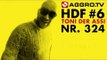 HDF - TONI DER ASSI HALT DIE FRESSE 06 NR 324 (OFFICIAL HD VERSION AGGROTV)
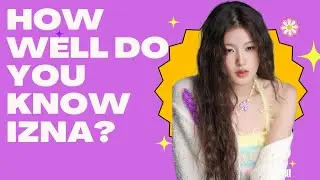 Izna Debut Era Quiz | How Well Do You Know IZNA?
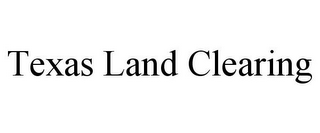 TEXAS LAND CLEARING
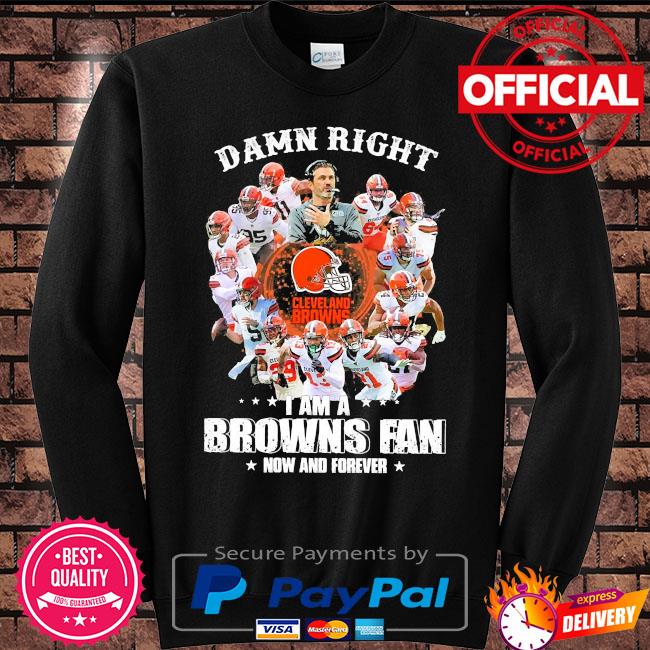 Im Cleveland Browns Fan Unisex T-Shirt, hoodie, sweater and long sleeve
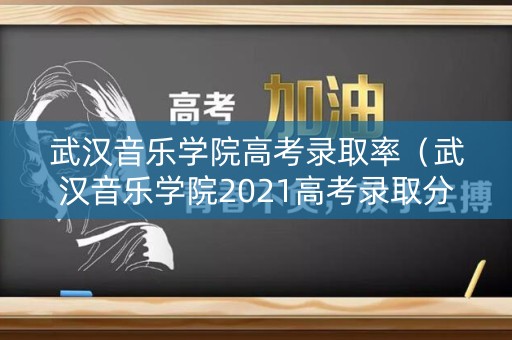 武汉音乐学院高考录取率（武汉音乐学院2021高考录取分数）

---

## Task instructions
Every line above goes into your copy exactly; no images go in.

## Result
 HDF - TONI DER ASSI HALT DIE FRESSE 06 NR 324 (OFFICIAL HD VERSION AGGROTV)
 Izna Debut Era Quiz | How Well Do You Know IZNA?
 TEXAS LAND CLEARING
 Im Cleveland Browns Fan Unisex T-Shirt, hoodie, sweater and long sleeve
 武汉音乐学院高考录取率（武汉音乐学院2021高考录取分数）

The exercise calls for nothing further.